1. Write a playful poem to someone you love, using Stein’s repeated words (“bright,” “delight,” “light”), or a few of your own.
2. Starting with a complicated or emotionally difficult proposition like an affair or death, write a poem that reads like a children’s nursery rhyme and seemingly simplifies the situation.
3. Rewrite Stein’s poem from baby bright’s (or hubby dear’s) perspective; rather than looking into the house, look out of its windows to imagine the lover looking in.
1. What is the poem’s tone? What story does it tell? How does Stein suggest that story with simple, child-like words and repetition?
2. Stein’s poem is full of repetitions. In how many different senses does Stein use words like “twinkling” and “baby” in the poem? In what ways does Stein alter phrases and words to change their meanings?

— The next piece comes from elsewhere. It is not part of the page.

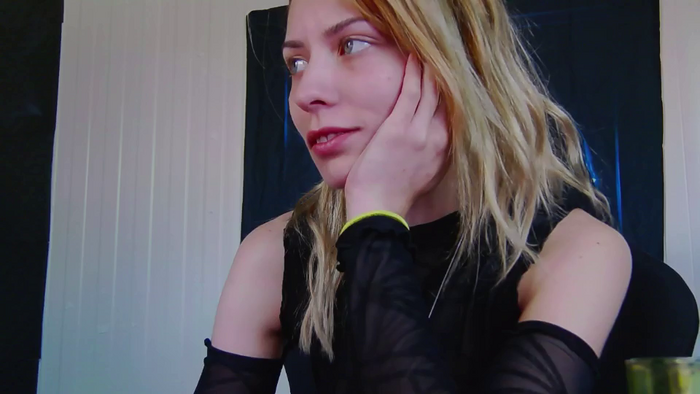 KaroKaroline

3. What do you think is the speaker’s relationship to “baby bright”? By narrating the story of both “baby” and “hubby dear,” what does the speaker reveal about his or her own perspective? Does that perspective seem to shift during the poem? Who do you think is telling this story and why?
1. After listening to the poem at least twice, have small groups write out the poem on large sheets of chart paper, leaving enough space to write between lines. With colored markers have students circle and connect repeated words and phrases, creating a kind of map from one part of the poem to another. With additional colors, have them highlight connecting sounds, such as “ink” which appears in a number of words. Finally, ask them to draw lines dividing sections of the poem by identifying different stories, settings, types of images, ideas, or purposes, etc.

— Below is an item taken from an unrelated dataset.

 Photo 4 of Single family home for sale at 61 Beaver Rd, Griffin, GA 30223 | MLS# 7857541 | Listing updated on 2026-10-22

2. After several close readings, have students write a brief description (a paragraph or so) of this love note as a work of art. The description should walk readers through an interpretation of the meaning or purpose of each section of the poem, highlighting structural elements that give it form. Share models of good writing about poetry and discuss effective strategies for making such arguments.
3. Have students create a single-character comic strip depicting the emotional drama the speaker of the poem experiences. Students can either use computer software (such as Comic Life for PC or Mac), or they can make a storyboard out of photographs or sketches they draw.